It can be surprising how quickly some people in our industry pick out a floor that is not flat. Not long ago I was standing with an experienced wood flooring professional when a room scene flashed on the screen. We immediately observed together: "That floor was cupped!" It is important that wood floor installers consistently produce floors of good quality, but, as you can see all the time, cupping continues to be a persistent problem in our industry, and for all types of products.
Understanding what makes a floor cup—whether solid or engineered—can help prevent wood floor failures, or, once the cupping has happened, can assist in diagnosing the source of the problem. Here's a rundown on why cupping happens.
Cupping has occurred when the sides of flooring are higher than the center of the boards-the surface of the board has a concave shape. Solid and engineered wood flooring can both cup. We'll discuss each construction separately, as the dynamics are different. The driving force for cupping comes from a response of the wood to a change in moisture content (MC) in both cases. Below the Fiber Saturation Point (typically 28% to 30%), wood swells if the MC is increased and shrinks if the MC is decreased. The mechanism that causes swelling can be understood by looking at the cellular structure and organization in wood. (To find out more about the cellular structure of wood, see my article "Understand the Science of Water and Wood Floors.")
Cupping in Solid Wood Floors
Cupping occurs in solid wood flooring as a result of an elevated MC in the bottom of the flooring compared with the MC of the face. The general effect is easy to demonstrate by putting a small strip of paper onto a small drop of water. The paper will curl up away from the water. It is not hard to see the effect in wood flooring, either.
For many species and aspect ratios, a piece of flooring placed on a towel that is kept moist will show some cupping in a day or two. Very noticeable cupping will occur within a few days. With those demonstrations, the source of the water is easy to identify because the water is liquid, but wood can also take on water vapor from the surrounding air to cause swelling in the same way.

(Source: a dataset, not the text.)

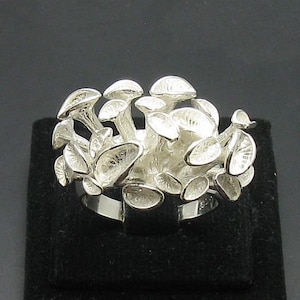 R000929 STERLING SILVER Ring Solid 925 Extravagant image 1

Any air that has a relative humidity (RH) above zero has water vapor mixed into it. Given enough time, the MC of wood will come to an equilibrium value based on the RH of the air. If the MC is increased, the wood will swell, just as it does when liquid water is introduced. The vapor-driven process is slower than when liquid water is present. Problems caused by water vapor can take several weeks or even months to become evident.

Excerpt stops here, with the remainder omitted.